(TASK INSTRUCTIONS) From the entries below, copy exactly the lines from the one that contains "Volkswagen - Caddy" through the one that contains "Die christruhmlichste Zufriedenheit, bey", both included, and only those.

(Entries taken from a collection)
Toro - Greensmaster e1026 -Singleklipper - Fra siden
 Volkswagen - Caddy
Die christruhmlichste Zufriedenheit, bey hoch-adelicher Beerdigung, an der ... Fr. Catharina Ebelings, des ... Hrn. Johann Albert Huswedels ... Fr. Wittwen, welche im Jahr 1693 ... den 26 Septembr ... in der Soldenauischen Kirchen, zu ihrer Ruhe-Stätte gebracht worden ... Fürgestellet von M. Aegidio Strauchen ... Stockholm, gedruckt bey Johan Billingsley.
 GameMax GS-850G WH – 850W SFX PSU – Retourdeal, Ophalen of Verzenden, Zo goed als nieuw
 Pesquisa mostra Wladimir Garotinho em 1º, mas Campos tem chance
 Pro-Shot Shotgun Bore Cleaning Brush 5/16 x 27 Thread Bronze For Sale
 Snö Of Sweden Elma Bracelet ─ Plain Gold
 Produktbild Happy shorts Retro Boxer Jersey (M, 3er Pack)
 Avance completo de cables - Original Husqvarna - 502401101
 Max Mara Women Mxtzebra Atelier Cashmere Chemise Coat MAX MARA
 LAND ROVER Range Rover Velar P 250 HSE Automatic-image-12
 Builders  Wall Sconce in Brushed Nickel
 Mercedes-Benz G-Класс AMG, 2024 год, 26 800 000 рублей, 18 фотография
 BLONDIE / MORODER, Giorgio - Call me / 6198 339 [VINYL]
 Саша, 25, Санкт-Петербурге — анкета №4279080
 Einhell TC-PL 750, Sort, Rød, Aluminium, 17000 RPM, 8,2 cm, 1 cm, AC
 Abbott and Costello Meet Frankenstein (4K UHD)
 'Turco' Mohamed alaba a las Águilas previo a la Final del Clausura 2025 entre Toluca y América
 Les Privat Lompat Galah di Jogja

(RESPONSE AREA)
 Volkswagen - Caddy
Die christruhmlichste Zufriedenheit, bey hoch-adelicher Beerdigung, an der ... Fr. Catharina Ebelings, des ... Hrn. Johann Albert Huswedels ... Fr. Wittwen, welche im Jahr 1693 ... den 26 Septembr ... in der Soldenauischen Kirchen, zu ihrer Ruhe-Stätte gebracht worden ... Fürgestellet von M. Aegidio Strauchen ... Stockholm, gedruckt bey Johan Billingsley.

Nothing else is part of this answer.